The trend these days is for a random nobody to ask a celebrity out via the internet. It worked for that guy who asked Mila Kunis to the Marine Corps Ball, and I'm hoping it might work for me. Demi Moore, if you're reading this, I'm stepping this trend up by asking you, point blank, to marry me. I know you'll respect my negotiating tactic. If you reject my hand in marriage, maybe you'll take me up on something less egregious, like coffee. You'll have to pay for the coffee. I hope you'll understand that while I am a semi-professional blogger/stay-at-home boyfriend, I do not carry the bank-roll of the celebrities you typically mingle with. However, I do make it a habit to retract controversial tweets, and I own a Nikon. So there will be some crossover.

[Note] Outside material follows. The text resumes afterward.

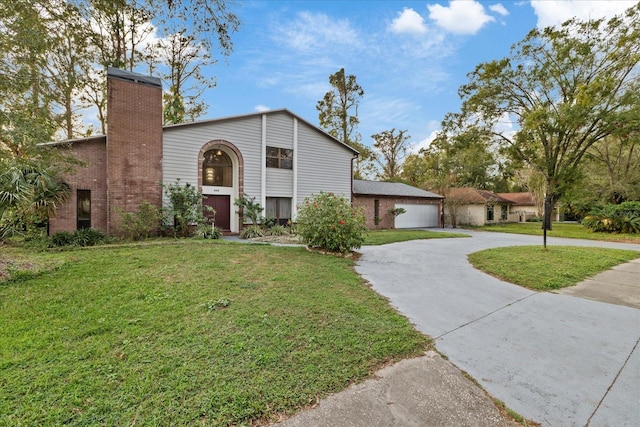 view of front of home featuring a garage and a front yard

Who am I, Demi? I'm a man. I've had one cavity, that I know of. And I'm 32 years old, which isn't all that old, but it's the oldest I've ever been. Over the years, I've learned the best way to stir infatuation with the fairer sex isn't by telling them I like them; but rather through lying, manipulation, and messing with their emotions until we develop a cultish kind of co-dependant relationship. Which is what any sane person should want. That's what marriage is, right? Till death do you part. That's how cults end.
Sorry if this comes across as creepy; I'm just being honest. I think we both know that honesty is the best way to maintain a long-term relationship (and also the best way to ruin a short-term relationship).
I understand it's difficult. I don't want to date younger people either, if that helps. When I see a young woman sitting at a bar, I don't see her as a potential sexual conquest. I look at her the same way I look at the skateboard or the pogo-stick. They're things I can't do anymore without looking foolish for trying. Also, younger girls typically are filled with hope and ambition, which means they have no motivation to talk to me. What pick up line would I even use to flirt with younger women? "Hey sweetheart. You know, life is about learning from your mistakes… and I could be that mistake for you. I'll teach you important lessons about what your limitations are, and then you can take those to your next, healthier relationship. Think of me like a flu-shot: I'll make you sick, but not a sick as you could have been!"
So Demi, please think it over, okay? Marriage? Coffee? Your choice. I just don't want you to give up on dating younger men. I know you're in a vulnerable place, but if men are dogs, your beauty will ensure you always have your pick of the litter. If I have to be the ambassador for early thirty-something men, then I will bravely take that bullet for my brothers.
Also, Betty White, if you happen to be trolling the internet and come across this post, please know this offer extends to you as well.